◆ Try it
Beginning with the line where "532 Clayton Street Denver CO 80206" appears, restate the lines word for word through the last one in the listing.

◆ Study material
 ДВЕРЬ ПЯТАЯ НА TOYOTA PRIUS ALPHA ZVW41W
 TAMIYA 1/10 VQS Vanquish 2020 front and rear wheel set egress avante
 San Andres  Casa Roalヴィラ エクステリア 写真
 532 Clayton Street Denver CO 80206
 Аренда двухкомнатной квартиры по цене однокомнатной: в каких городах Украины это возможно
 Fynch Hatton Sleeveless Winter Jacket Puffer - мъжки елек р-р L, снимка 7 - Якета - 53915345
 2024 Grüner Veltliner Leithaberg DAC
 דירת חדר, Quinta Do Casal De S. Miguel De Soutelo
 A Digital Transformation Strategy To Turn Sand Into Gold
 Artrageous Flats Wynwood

◆ Result
 532 Clayton Street Denver CO 80206
 Аренда двухкомнатной квартиры по цене однокомнатной: в каких городах Украины это возможно
 Fynch Hatton Sleeveless Winter Jacket Puffer - мъжки елек р-р L, снимка 7 - Якета - 53915345
 2024 Grüner Veltliner Leithaberg DAC
 דירת חדר, Quinta Do Casal De S. Miguel De Soutelo
 A Digital Transformation Strategy To Turn Sand Into Gold
 Artrageous Flats Wynwood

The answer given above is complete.